Walmart’s contactless online fulfillment options include free curbside pickup, in which orders are loaded into customers’ vehicles; home delivery, for a $7.95 or $9.95 fee per order; and Express Delivery in two hours or less, which costs $10 in addition to the existing delivery charge. Customers signing up for the new Walmart+ membership program, which costs $98 annually or $12.95 monthly, can get free unlimited delivery, among other benefits. Ward reported that Walmart+ pays for itself in two deliveries per month.
“Given customers’ lives were busier even before COVID-19, roles like the personal shopper will continue to be important parts of our business,” he said. “We’re excited about the work they’re doing and the service they’ll provide to our customers, now and into the future.”
Walmart on Tuesday reported that third-quarter e-commerce sales for Walmart U.S. jumped 79% from a year ago and contributed about 570 basis points to its comp-sales growth of 6.3%. Executives said growth was strong in pickup, delivery and direct-to-home channels.
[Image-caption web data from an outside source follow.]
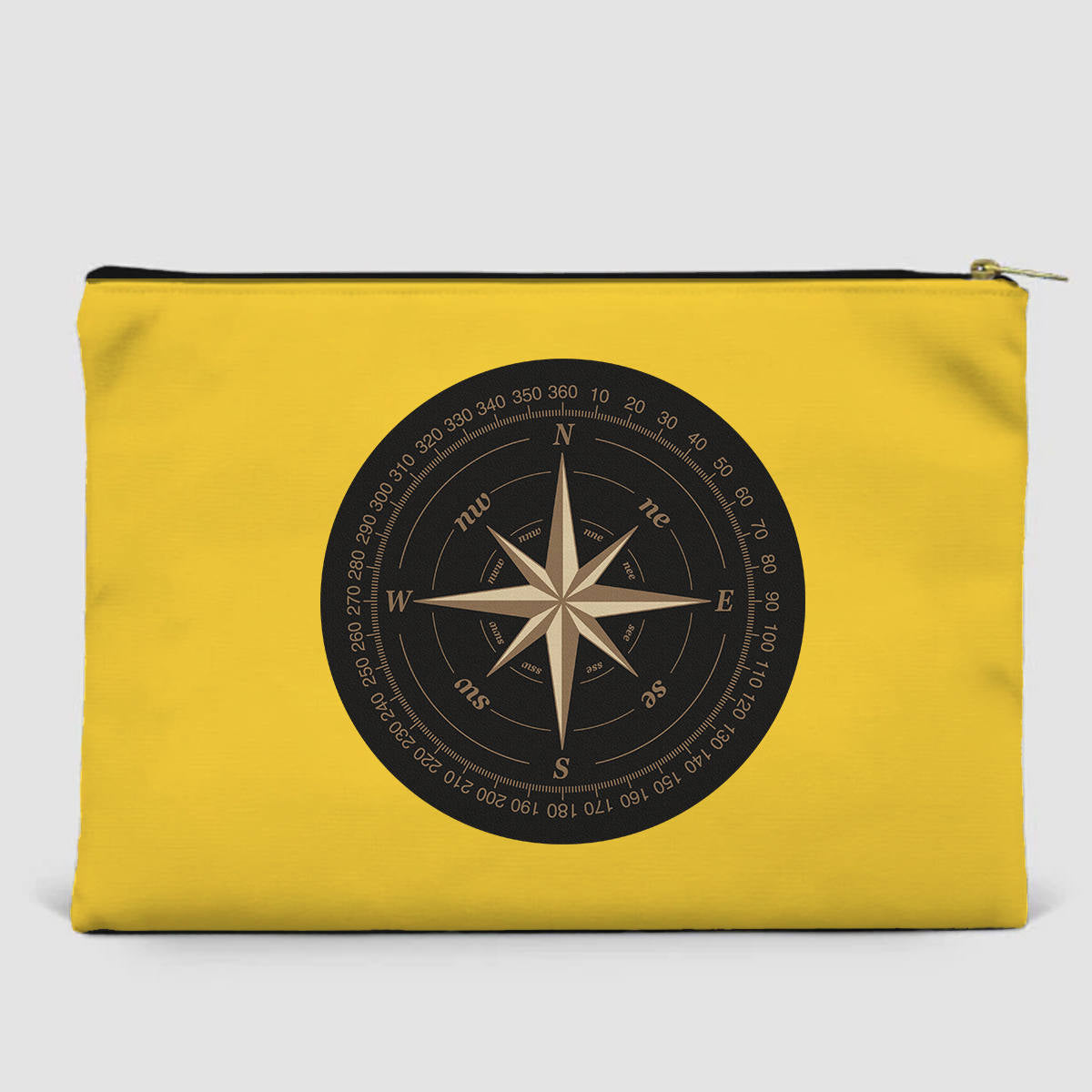 Black Vintage Style Compass Designed Zipper Pouch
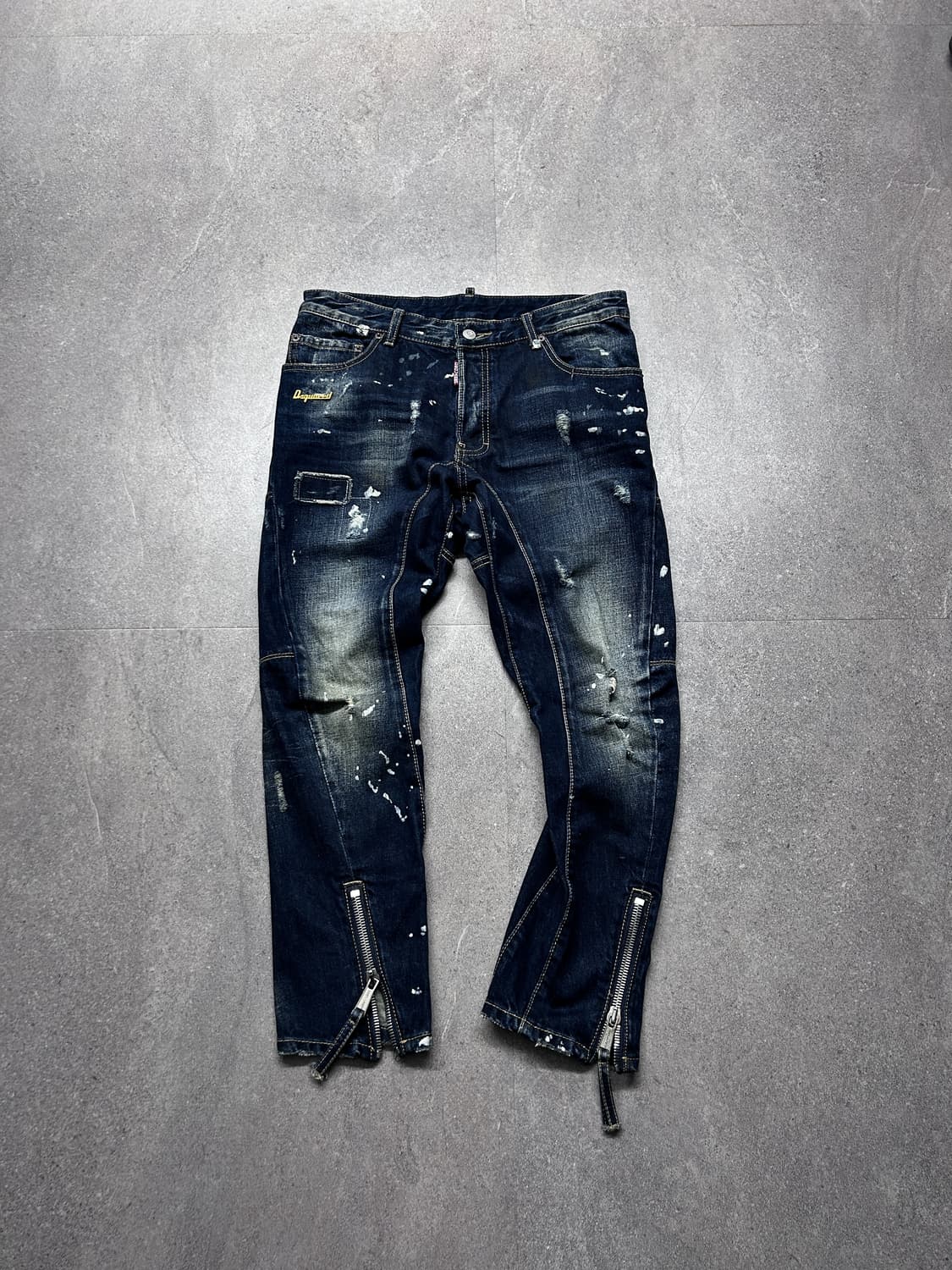 디스퀘어드2 플레어 짚 더티 페인트 데님  상품이미지4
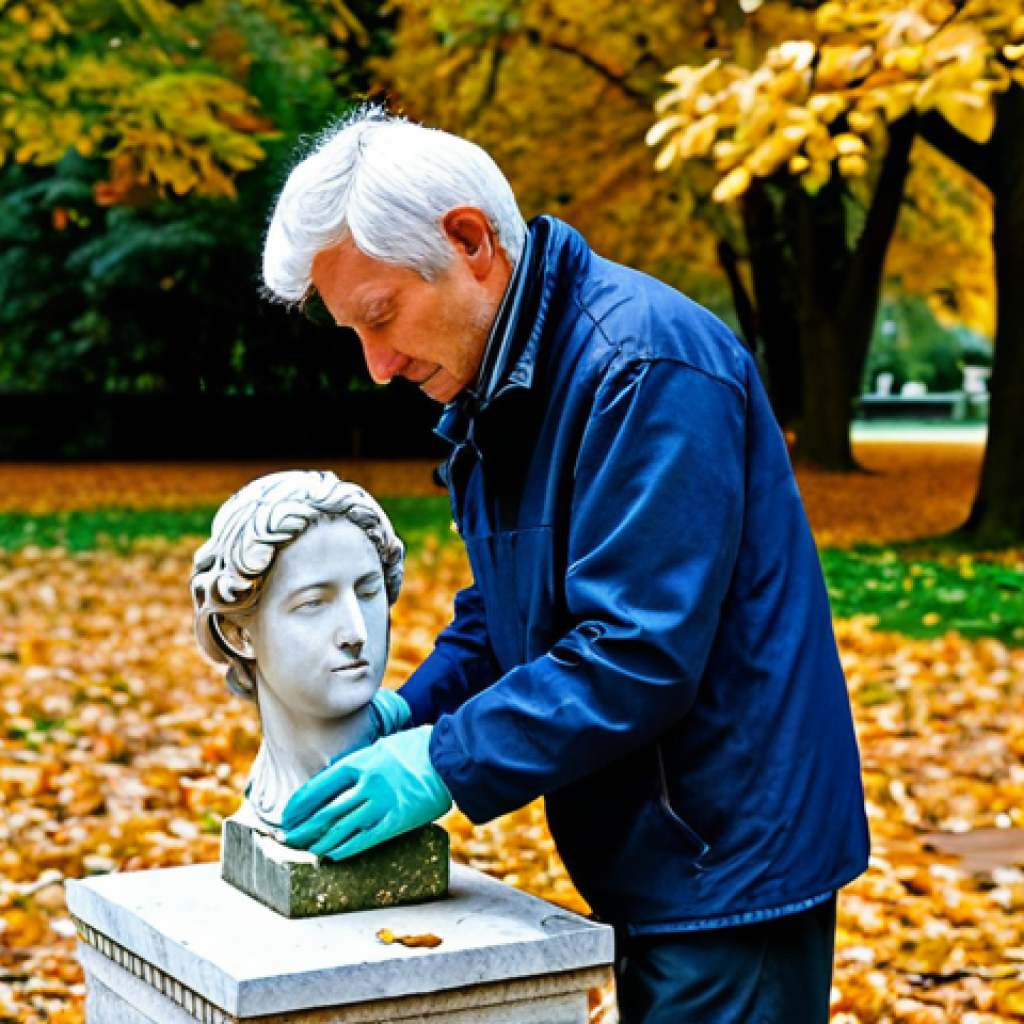 Preserving an Outdoor Sculpture**

"A fully clothed art conservator meticulously cleaning a weathered stone sculpture in a public park, appropriate attire, safe for work, perfect anatomy, natural proportions, professional photography, high quality. The sculpture is surrounded by autumn foliage. Focus on the detail of the conservation work and the contrast between the aged stone and the careful restoration. Modest and professional setting."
“Our merchant and replenishment teams are working hard to make sure we have products available for our customers,” Walmart President and CEO Doug McMillon told analysts in a conference call on Tuesday. “The team is being flexible when it comes to meeting demand. For example, we’ve turned on nearly 2,500 stores to fulfill online orders. We can quickly flex this number as the holiday season progresses to help relieve pressure on our e-commerce fulfillment centers if necessary.
“This holiday season will obviously be unique,” he explained. “While many family gatherings may be smaller, we do believe families want to decorate, celebrate and enjoy food and gifts. They want a sense of normalcy, and our traditions help bring some joy and comfort to this difficult year. With the importance of social distancing in mind, we planned several holiday shopping events this year so customers can enjoy special items and pricing over a longer period of time and shop in the way that’s best for them.”
In the United States, Walmart reaches about 90% of the population within a 10-mile radius of its stores and omnichannel services, according to Walmart U.S. President and CEO John Furner. In the third quarter, the company added curbside pickup to 230 more stores, bringing the total to 3,700 stores with that capability, he said.
“Then we’ve got 2,700 stores that are now offering what we describe as Express Delivery,” Furner said in the analyst call. “And we have examples, even just this week, of customers who are getting their groceries, from the time of order [to] delivery in under a half-hour. So we’re really excited about the ability to have services like that all across the country in big cities and small cities and everything in between.”